Zaman akıp geçiyor Ayşe kız yavaş yavaş yaşlanmaya başlamıştı. Kendisine gelen bütün nasipleri reddeden Ayşe kız tüm ısrarlara karşı duyarsız kalmıştı. Ayşe kızı evlenme konusunda ne annesi ne de babası da razı edememişti. Ayşe kızın tek sözü vardı evlenmek istemiyorum. Bu köyün gençleri ve çevre yörelerden istekler yavaş yavaş azalmıştı. Öyle ki Ayşe kızla evlenmek isteyen delikanlı çok evlenmiş çoluk çocuk sahibi olmuştu.
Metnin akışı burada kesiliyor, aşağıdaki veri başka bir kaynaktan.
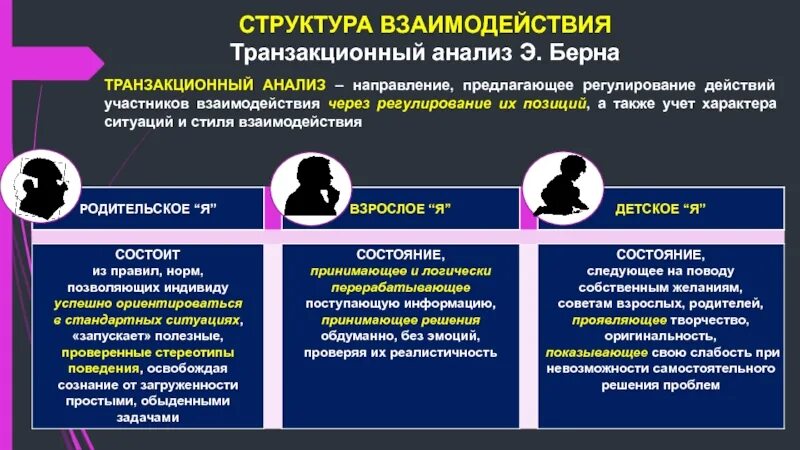 Структура личности по Берну. Структура личности Берн. Структура Берна. Психологическая структура личности по Берну. Позиции взаимодействия в общении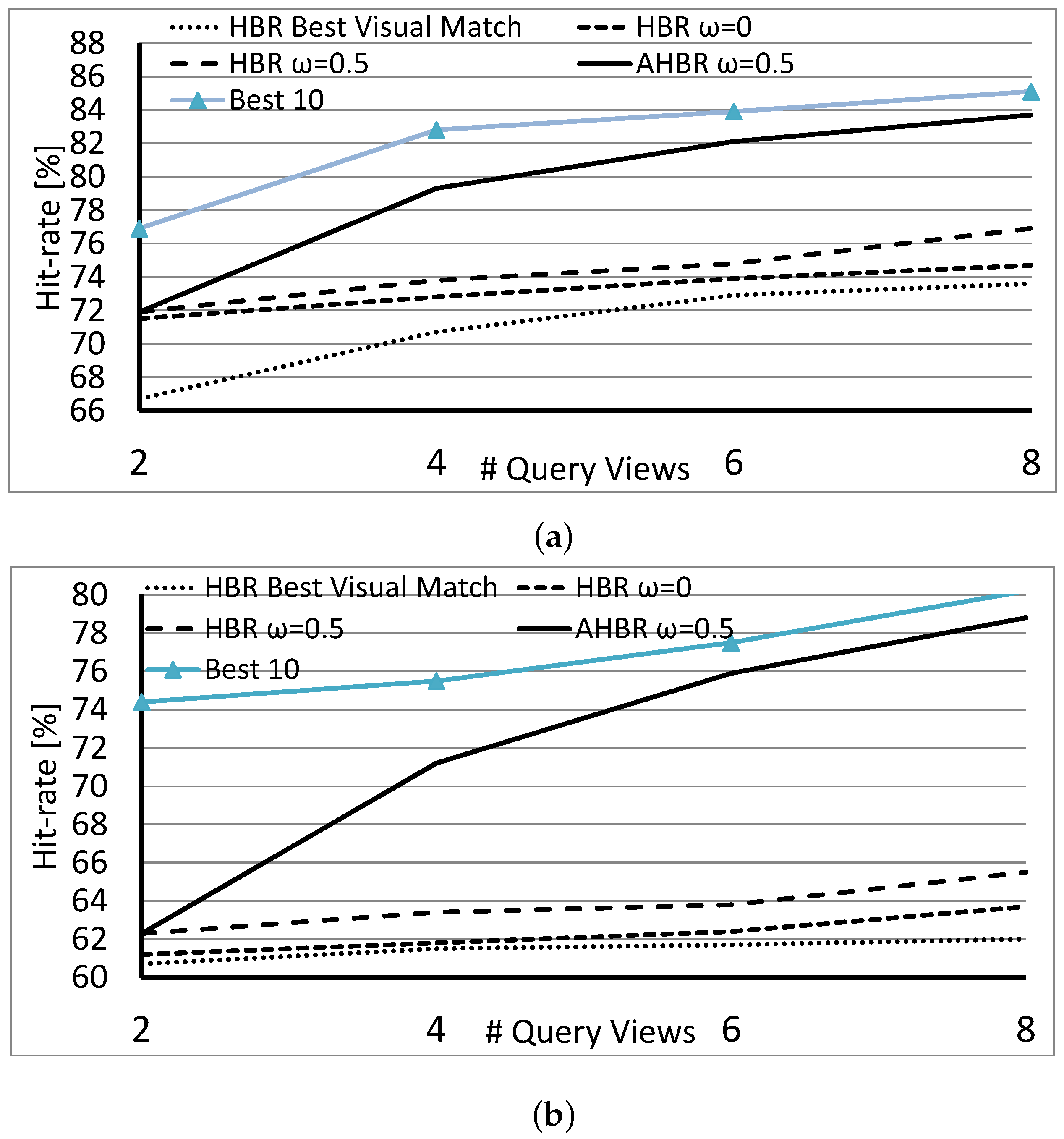 Sensors 18 00801 g006 550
Ayrıca yaşıtları olan genç kızlar onlar da evlenmiş Ayşe kız toplantılarda köyün yaşıtları içerisinde evlenmeyen tek kişi kalmıştı. Onun ilerleyen yaşına karşılık yeni genç güzeller toplantılarda sohbet ederler ama Ayşe kız evlenme konusuna geldiğinde hiç mi hiç taviz vermezdi.

Birgün köyün güzelleri toplanmış sohbet ederler. Ayşe kız da köy güzeldir ile beraber oturmaktadır. Sohbet koyulaşmış; gülüşmeler, serzenişler, hüzünler ardı sıra gelmiştir. Bir ara köyün genç kızlarından biri;

-Ayşe abla, ilerlemiş yaşına rağmen inan köyün en güzel kızısın. Seni kıskanmıyorum ama imreniyorum. Tecrübelisin, bilgi sahibisin, bazen sana akıl danıştığımız da olur. Ama evlilik konusunda çok katısın. Abla neden evlenmiyorsun? Seninle evlenmek isteyen erkeklere neden hala hayır diyorsun? Kızma Ayşe abla, durumu çok merak ediyorum, açıkla?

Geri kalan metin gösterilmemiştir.